● ASSIGNMENT: Word for word, repeat the data; no picture should appear in the result.

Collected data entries
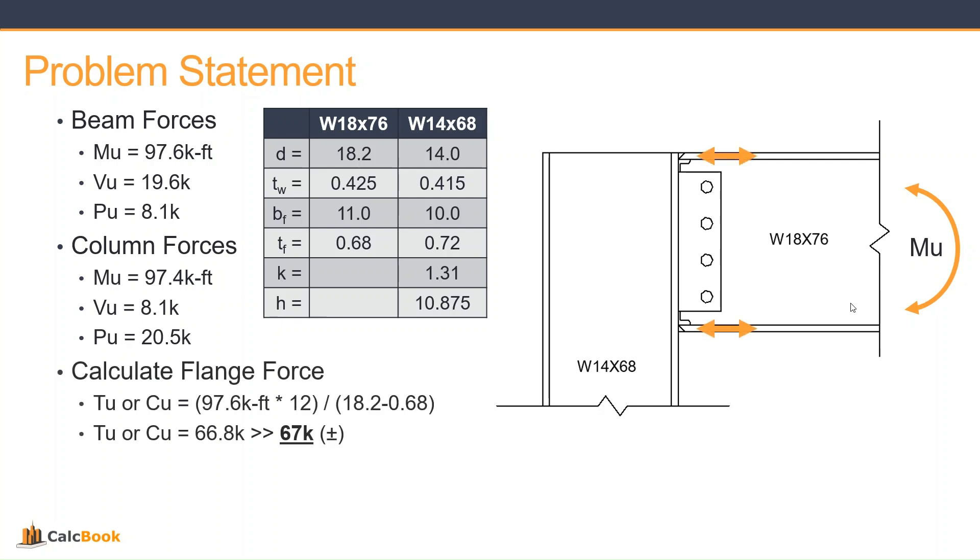The one thing we're going to calculate before we move forward is what the tension and compression forces are in the beam flange because that's what's going to impart the force onto the column. We take our moment and divide it by the depth to the center line of each flange. So we have 97.6 kip-feet times 12 for a unit conversion, and we divide that by the depth of the beam, 18.2 inches minus the flange width, which gets us to the center of the flanges of 0.68 inches. That gives us a plus or minus tension compression of 67 kips.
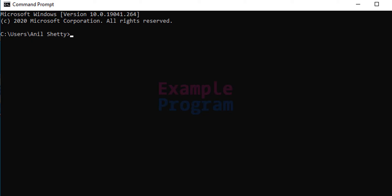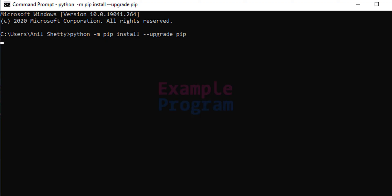So what we do is we will try to upgrade the pip. To do that we need to type in python -m pip install --upgrade pip and after that hit the enter button.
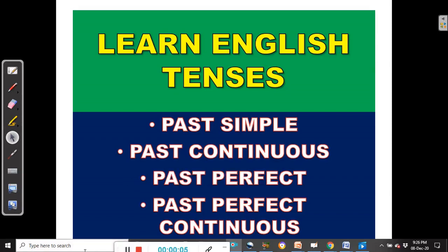Hello friends, this is Benjamin from English Classes Online. You are welcome to today's video. Today we are going to continue our lesson on English tenses.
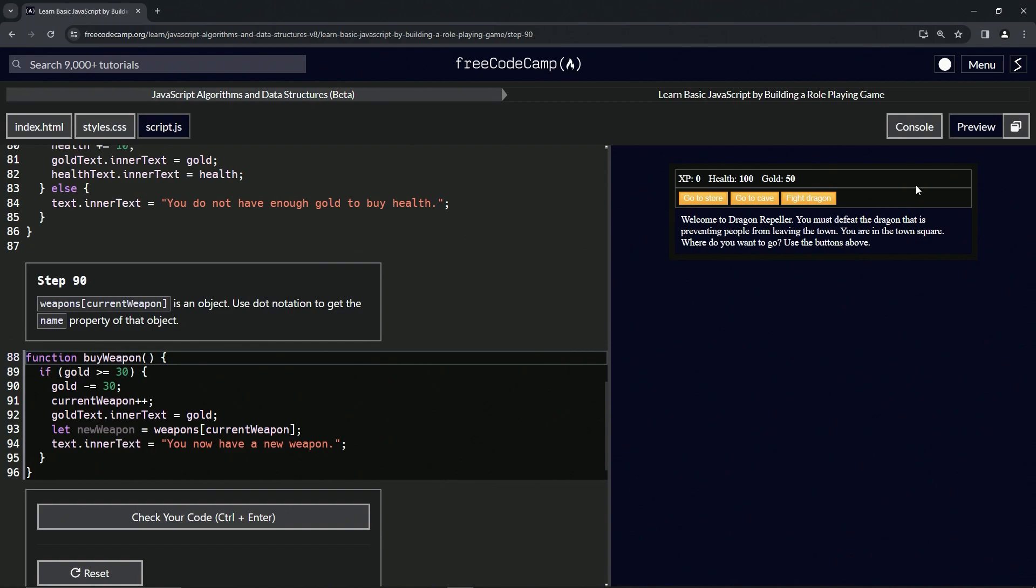All right, now we're doing FreeCodeCamp JavaScript Algorithms and Data Structures Beta: Learn Basic JavaScript by Building a Role-Playing Game, Step 90. So weapons[currentWeapon] is an object. We proved that in the last one, but let's do it again right here.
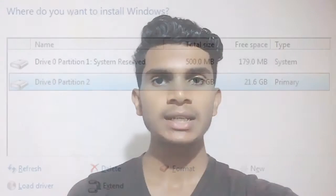You can install any OS on the PC. First, you can install any part on the hard disk. Now you can install the current OS on the hard disk.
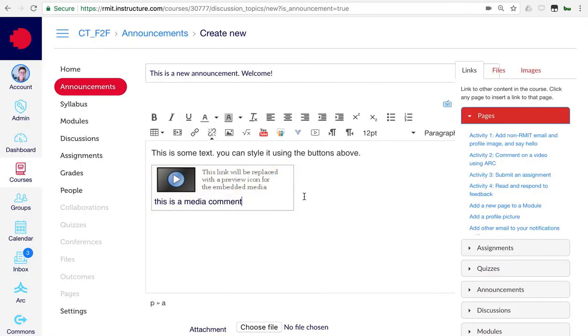And you can see it adds in a little text box here, which indicates that there will be a video.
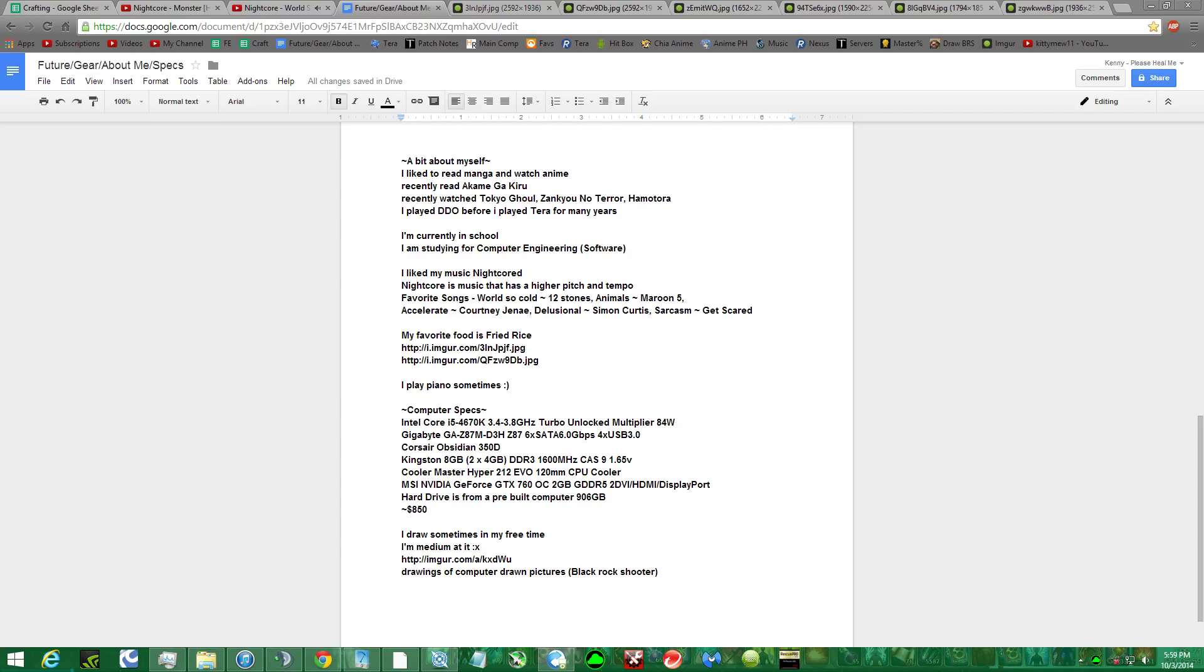I like my music, Night Chord. Night Chord is music that has a higher pitch and a faster tempo. Songs that I've recently been listening to is World So Cold by 12Skills, Animals by Rune5, Accelerate by Courtney Denae, Delusional by Simon Curtis, and Sarcasm by Getswake.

● TASK RESULT:
The one thing we're going to calculate before we move forward is what the tension and compression forces are in the beam flange because that's what's going to impart the force onto the column. We take our moment and divide it by the depth to the center line of each flange. So we have 97.6 kip-feet times 12 for a unit conversion, and we divide that by the depth of the beam, 18.2 inches minus the flange width, which gets us to the center of the flanges of 0.68 inches. That gives us a plus or minus tension compression of 67 kips.
So what we do is we will try to upgrade the pip. To do that we need to type in python -m pip install --upgrade pip and after that hit the enter button.
Hello friends, this is Benjamin from English Classes Online. You are welcome to today's video. Today we are going to continue our lesson on English tenses.
All right, now we're doing FreeCodeCamp JavaScript Algorithms and Data Structures Beta: Learn Basic JavaScript by Building a Role-Playing Game, Step 90. So weapons[currentWeapon] is an object. We proved that in the last one, but let's do it again right here.
You can install any OS on the PC. First, you can install any part on the hard disk. Now you can install the current OS on the hard disk.
And you can see it adds in a little text box here, which indicates that there will be a video.
I like my music, Night Chord. Night Chord is music that has a higher pitch and a faster tempo. Songs that I've recently been listening to is World So Cold by 12Skills, Animals by Rune5, Accelerate by Courtney Denae, Delusional by Simon Curtis, and Sarcasm by Getswake.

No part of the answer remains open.